* [WHAT TO DO] Could you write out, exactly as they stand, only the lines in the listing below from the line with "Зовнішній акумулятор (павербанк)" to the line with "HOMCOM® SZAFKA ŁAZIENKOWA", both ends included, without the pictures?

* [ENTRIES SHOWN]
====================

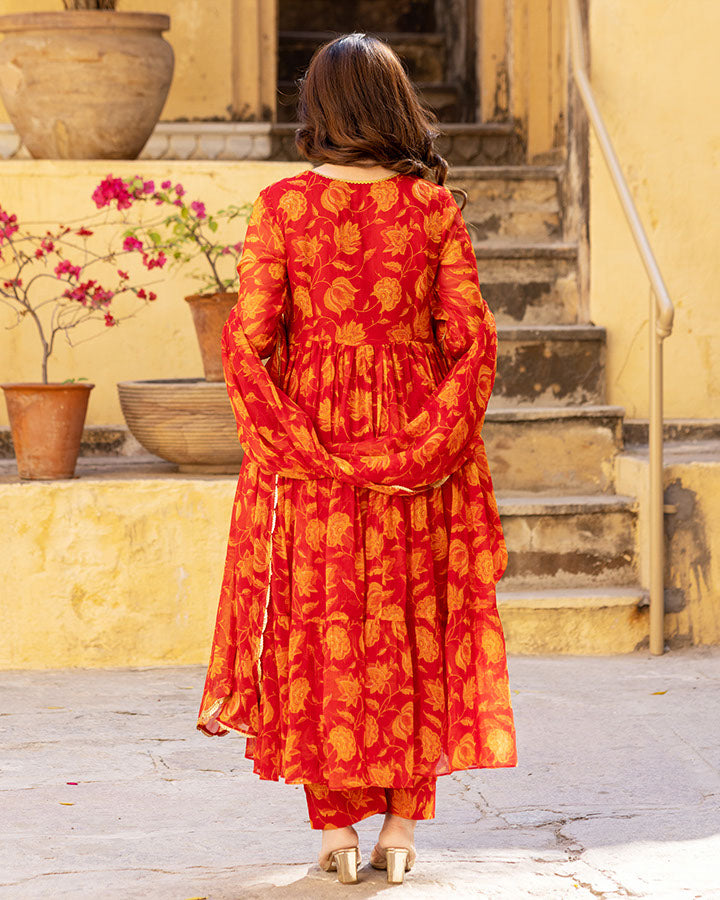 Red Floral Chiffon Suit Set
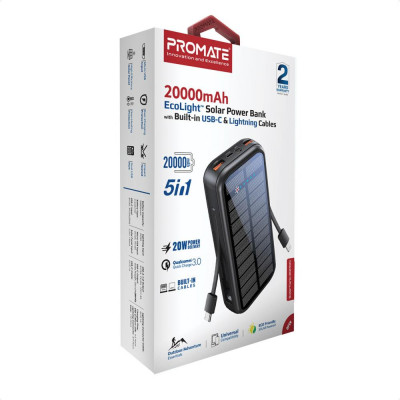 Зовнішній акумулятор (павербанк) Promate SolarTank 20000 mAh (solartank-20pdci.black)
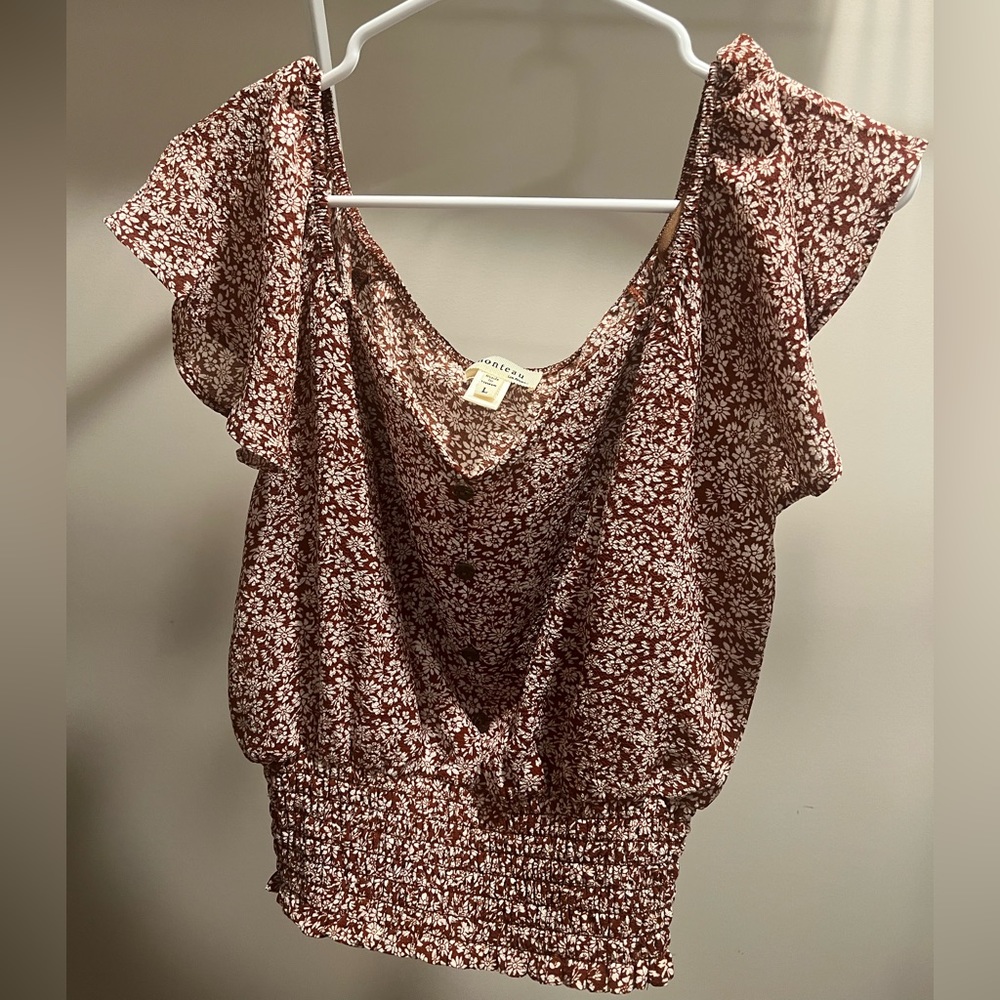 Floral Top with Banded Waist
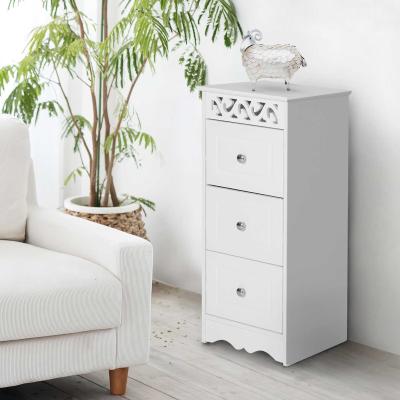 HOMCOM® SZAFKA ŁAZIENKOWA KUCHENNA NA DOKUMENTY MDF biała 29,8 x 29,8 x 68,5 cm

====================

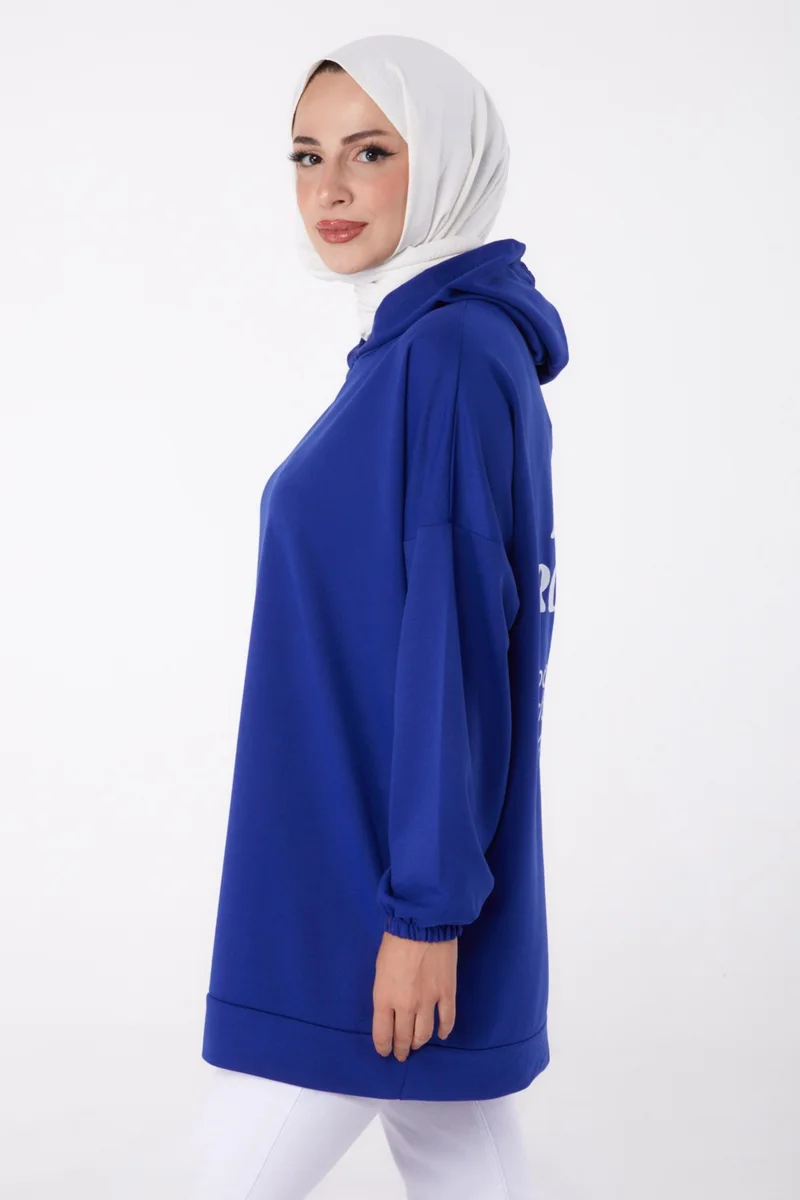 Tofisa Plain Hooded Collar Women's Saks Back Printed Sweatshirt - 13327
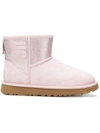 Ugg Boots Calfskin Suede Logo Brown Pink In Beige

====================

* [RESPONSE TO THIS EXERCISE]
 Зовнішній акумулятор (павербанк) Promate SolarTank 20000 mAh (solartank-20pdci.black)
 Floral Top with Banded Waist
 HOMCOM® SZAFKA ŁAZIENKOWA KUCHENNA NA DOKUMENTY MDF biała 29,8 x 29,8 x 68,5 cm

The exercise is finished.